In the two decades following World War I and the failure of the League of Nations, a spirit of isolationism becomes prevalent throughout the United States and persists until the attack on Pearl Harbor. That presented a major obstacle in garnering support for the war, as Americans did not feel a sense of unity with other nations of the world, most notably, Europe. In an effort to dispel that isolationist way of thinking, Prelude to War was produced to raise the enthusiasm and interest of US troops for the international struggle.

The film addresses the need for change in Americans' views on the war by interviews with civilians. In response to whether or not America should get involved in the war, Americans are depicted saying, "I think we should stay out of it entirely" and "They mean nothing to us." Protesters against the war rally under slogans like "No Foreign Entanglements." The film argues that contrary to the public opinion of the time, American problems "were and always will be dependent upon the problems of the entire world and our peace is gained when there is peace for all."

The film pointed to the Japanese invasion of Manchuria as the beginning of World War II: "remember that date: Sept 18, 1931 a date you should remember as well as Dec 7, 1941. For on that date in 1931 the war we are now fighting begun." It stated that it was known that the aggressors should be stopped but that it was impossible to convince ordinary people "that they should go to war over a mud hut in Manchuria."

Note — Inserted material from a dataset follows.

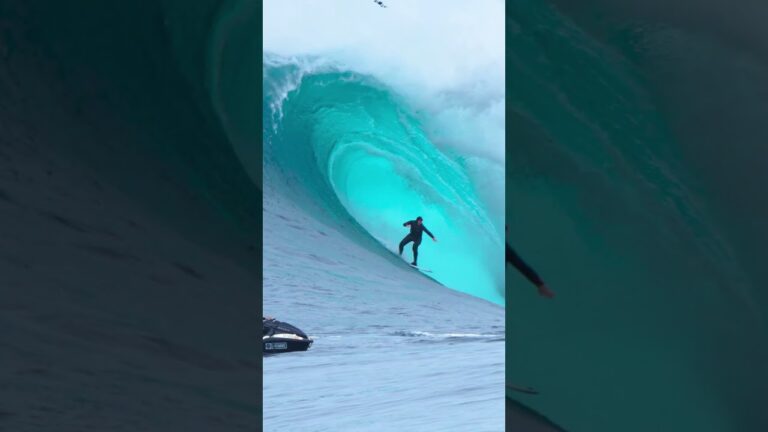 Big Waves Out At Sea #surf #bigwaves #surfing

After going over the Japanese invasion of China, the film asks about Japan's allies by stating that before Hitler was ready, Mussolini had to be ready since his government had not been able to produce what it had promised and "so he pulled the old trick of a foreign war to divert from troubles at home." The film then describes just how outclassed Ethiopia was against Italy and how "we hadn't realized that peace for us involves peace for all" and that Hitler would be taken up in the next film.

==Significance==
The US Army used Prelude to War as a training film for soldiers before its release in theaters. Prior to deployment, all US soldiers had to view the film. The goal in showing it to the general public was to unify the country and to encourage all to their part in the war effort. The films produced by Capra inspired society to mobilize as a nation and rally around their country, their troops, and their president.

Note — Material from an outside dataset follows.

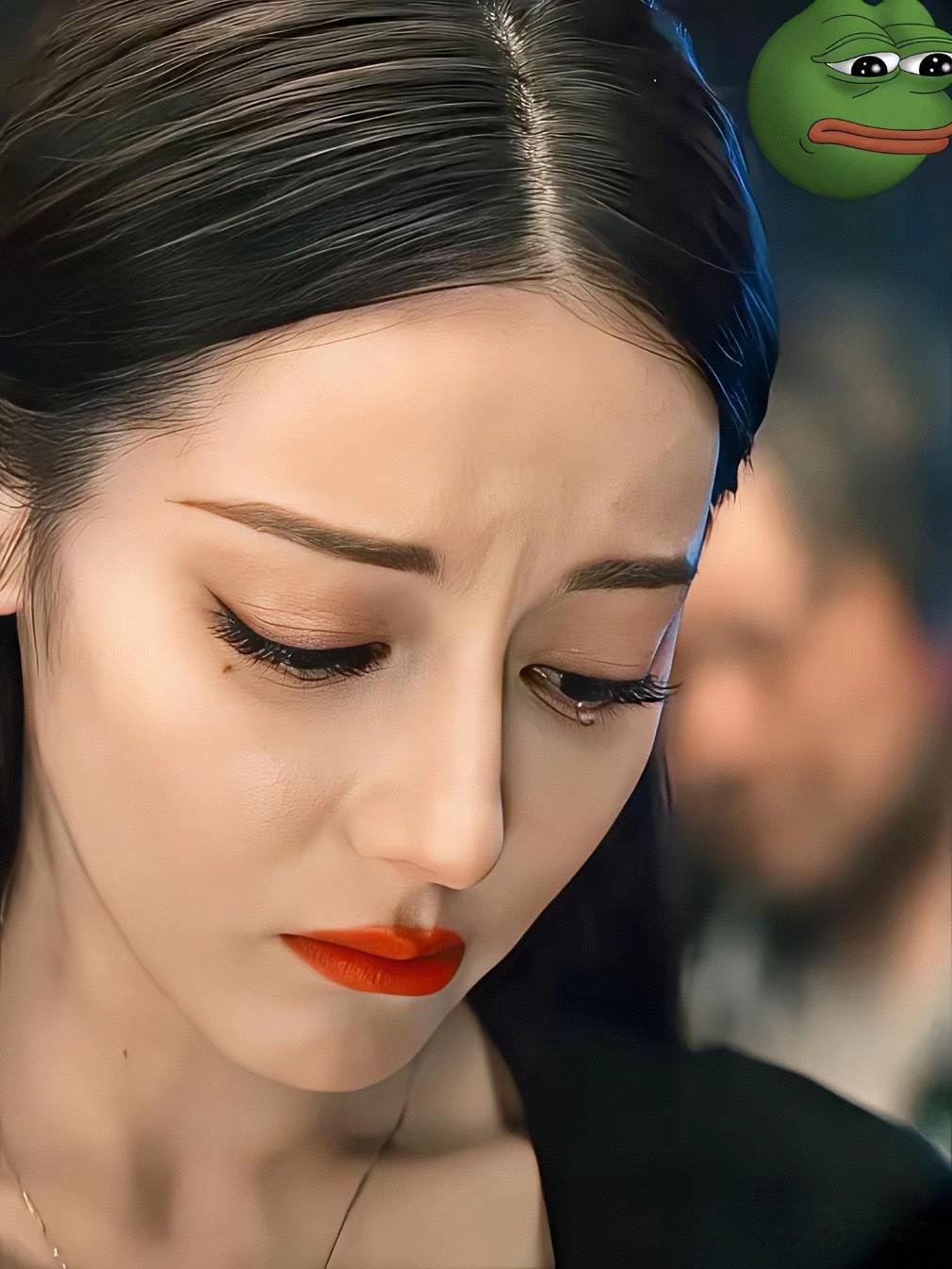 迪丽热巴被困迪拜24小时,遭谩骂造黄谣,最恶心的一幕还是来了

Despite its initial purpose as a training film, OWI Director Elmer Davis and President Franklin D. Roosevelt were so satisfied with it that it was released theatrically to the general public. The film series was a useful tool in motivating the public and boosted support for the war. It was so well perceived that on March 4, 1943, the Academy of Motion Picture Arts and Sciences awarded an Academy Award to Capra for Prelude to War as the best documentary film of 1942 (The picture was released to the public in 1943, but previously screened to soldiers since 30 October 1942), an illustration of how the government and the military successfully and cohesively relayed their message of national unity to the American people through popular culture.